Yes it is. Snowboarder talk is a language.
“Did you see my backside lipslide two-seven off the downflatdown? It was totally FRONT, man. When I stomped it, I was all like BANGERRR!!!! So then I went fakie 50-50 on the battleship but totally biffed. Half cabbed the first kicker, then I was going to throw down a steezy back-five boned out truck driver off the second booter, but this total blazin raisin was right in the tranny! I mean, who lets these two planking fruit booters in the TP anyway? It’s good thing I took it to the flats because I totally would have slammed that gaper! So then I sent the next booter, but my speed was off after almost eating it so I CASED it! 50 feet lip to knuckle, yeah? It was a major lawn chair air. I must have rolled down about 5 windows! I told that freak with the sticks to go 50-50 a rail or run down a staircase. That’ll teach him! Let’s go back and sesh that jump line, bro. I need to show you my suitcase!”

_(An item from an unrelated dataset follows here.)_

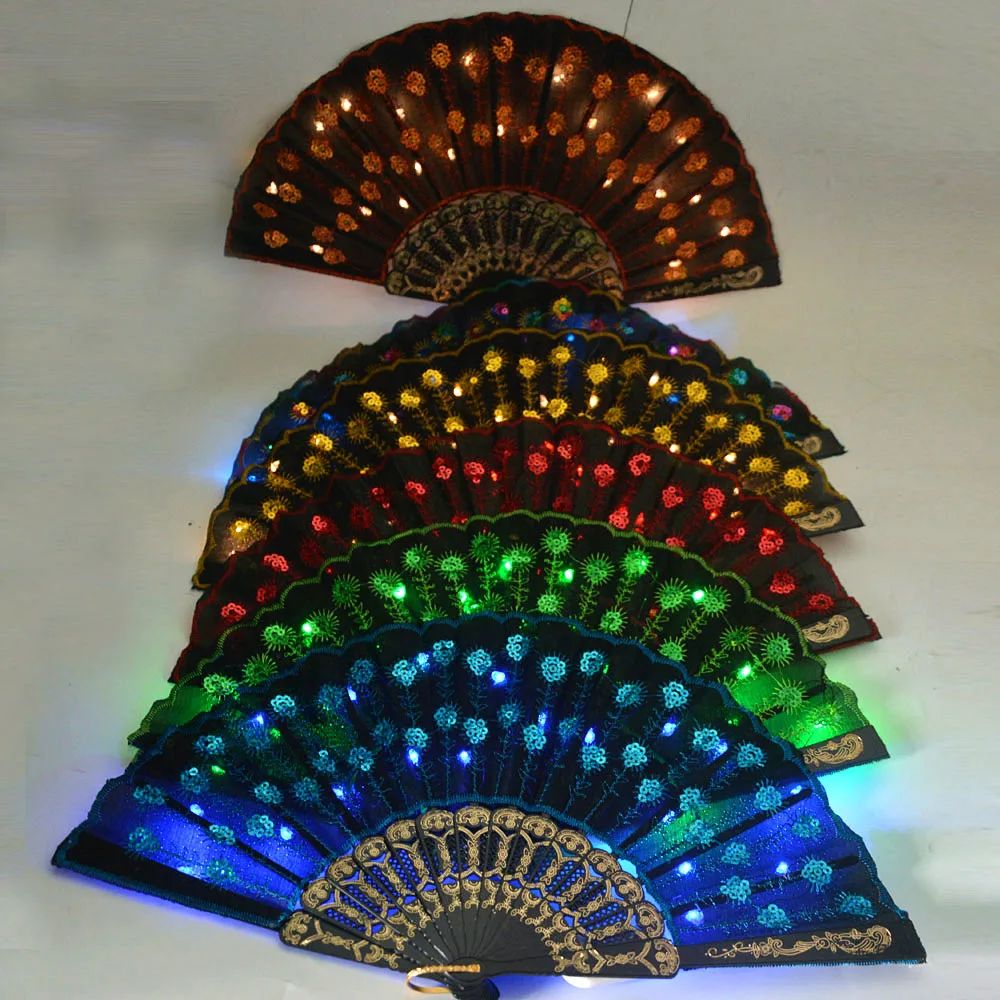 Party Glow Light Up Blume Pfau Hand Fan Tanz Show Kirche Geburtstag Geschenk Bar Requisiten Hochzeit Festival Halloween Weihnachten – Detail 7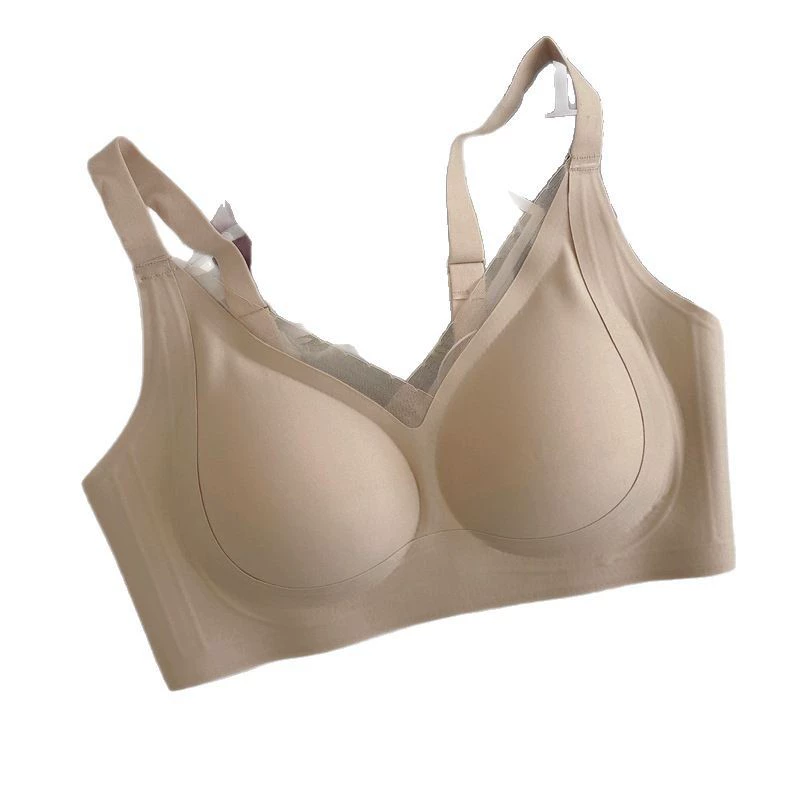 Underwear, small supporting comfortable push up bra, cream wireless bra, bra top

Dude, and then, when I was exiting the park, there was this squad of bowling pins falling leaf down the bunny hill, so I rode the chair up and dropped a load on them! One of them scorpioned so hard! That's what they get for snaking me all the time. Those gapers. I swear each one was rocking like a 4-inch gap, you know?
Tomorrow should be so epic with 70 inches of fresh. Its gonna puke tonight. I’m going to build a backcountry booter and throw some rodeos. Maybe I’ll go for an underflip or a cork 5. Just gotta watch out for those off piste death cookies. Gotta get some poaching in too, yeah? Get some sick footie.